This is covered in today's Irish Times.   https://www.irishtimes.com/business/personal-finance/how-does-revenue-view-adults-living-rent-free-in-parents-property-1.4543367  The [broken link removed] tightened the rules and now the only support parents are allowed offer adult children tax-free is...



					www.askaboutmoney.com


----------



## Bedlam (22 Jul 2021)

cremeegg said:


> The rules are that 7.5% of the assets are payable every year, with an exception for the family home, that is charged at 7.5% for 3 years only.
> 
> If the family home is sold at any point while the owner is in the Fair Deal scheme the Family Home exemption no longer applies, and 7.5 % is charged on all assets every year.
> 
> ...


Thanks for the replies to expand my side both parents in nursing home. Existing life loan 225k outstanding property value 300k. Under the fair deal if the property was sold and loan paid off would the fair deal reassess their means and increase subsidy?
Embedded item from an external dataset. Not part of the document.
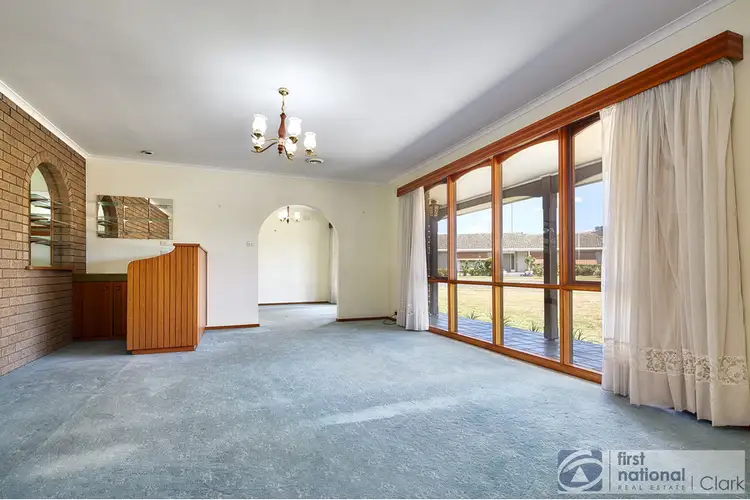 Second view of Homely house listing, 8-10 Summerlea Street, Trafalgar VIC 3824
Would it make sense to go this route?


----------



## AlbacoreA (22 Jul 2021)

The limits of the faird eal only apply when its your family home. 
Once you turn it into cash its no longer protected from the  3yr fairdeal limit. 
But they don't touch the last €72,000 of a couples cash assets. TBH you'd have to check with them. 

The fair deal, obviously locks in the family home. But it makes no provision for maintaining it. 
It needs to be lived in to maintained and it actively prevents that.


----------